Isauro Rionda Arreguín, in memoriam 4/4

A su regreso de España en 1978, Isauro Rionda se hizo cargo del Archivo General del Estado de Guanajuato, que entonces era un simple depósito de papeles, una bodega desorganizada y  de poco interés para el gobierno de la entidad. Comenzó así una larga lucha por dignificar este espacio documental y convertirlo en un acervo aprovechable para los investigadores de la historia regional.
Isauro Rionda Arreguín, in memoriam 4/4

A su regreso de España en 1978, Isauro Rionda se hizo cargo del Archivo General del Estado de Guanajuato, que entonces era un simple depósito de papeles, una bodega desorganizada y  de poco interés para el gobierno de la entidad. Comenzó así una larga lucha por dignificar este espacio documental y convertirlo en un acervo aprovechable para los investigadores de la historia regional.

Desde 1980 se desempeñó como investigador en el Centro de Investigaciones Humanísticas de la Universidad de Guanajuato, donde pudo desplegar sus competencias historiográficas, hasta consolidarse como uno de los más destacados estudiosos en historia regional guanajuatense, especializado en el periodo colonial y en la gesta independentista nacional.

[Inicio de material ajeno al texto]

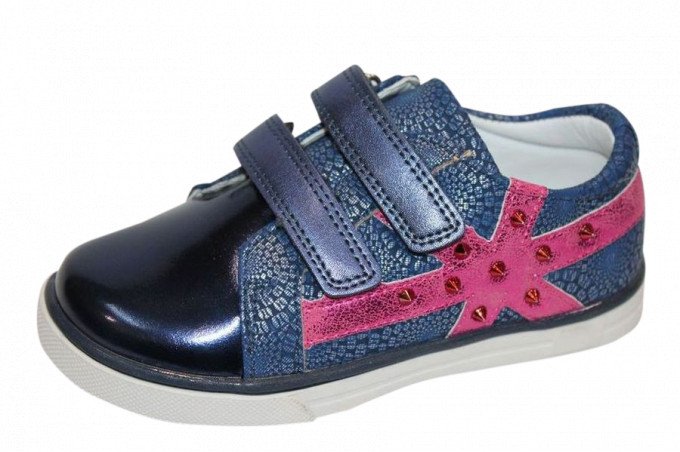 Фото - темно-сині туфельки на двох липучках для дівчинки ціна 385 грн. за пару - Леопольд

En 1985 fue designado coordinador general de los festejos del 175 aniversario de la gesta de la independencia nacional y del 75 aniversario de la Revolución Mexicana. Por ello le tocó organizar la gira de los símbolos patrios por los 46 municipios de la entidad, además de un ambicioso proyecto editorial.

Su compromiso con el cuidado y preservación del patrimonio artístico e histórico guanajuatense se confirmó cuando en 1989 promovió, junto con su amigo Eduardo Castro Busso, la fundación de “Guanajuato, Patrimonio de la Humanidad”, asociación que ha promovido  numerosas restauraciones de bienes muebles e inmuebles en el estado de Guanajuato, pero sobre todo en su ciudad capital. Hoy esta asociación es reconocida a nivel internacional.

Gracias a sus incansables gestiones, en 1989 pudo ver culminada una de sus obras cumbres: la dotación de un edificio ad hoc para el Archivo General del Estado, gracias a la sensibilidad del entonces gobernador del estado Rafael Corrales Ayala. Guanajuato se convirtió en la primera entidad en poseer una instalación moderna y especialmente diseñada para el uso archivístico y de preservación de documentos.

En 1995 aceptó participar como candidato a primer regidor en la planilla del PRI para el Ayuntamiento de Guanajuato. Esto le permitió desempeñarse como un celoso vigilante del patrimonio histórico, estético, arquitectónico y cultural de ese municipio durante el trienio 1995-1997. Desde esa posición desplegó un gran activismo, buscando que Guanajuato se viera siempre representado en los foros internacionales de las Ciudades Patrimonio de la Humanidad, y apoyó al edil Arnulfo Vázquez Nieto (qepd) a conseguir para Guanajuato el secretariado para Latinoamérica de esa organización.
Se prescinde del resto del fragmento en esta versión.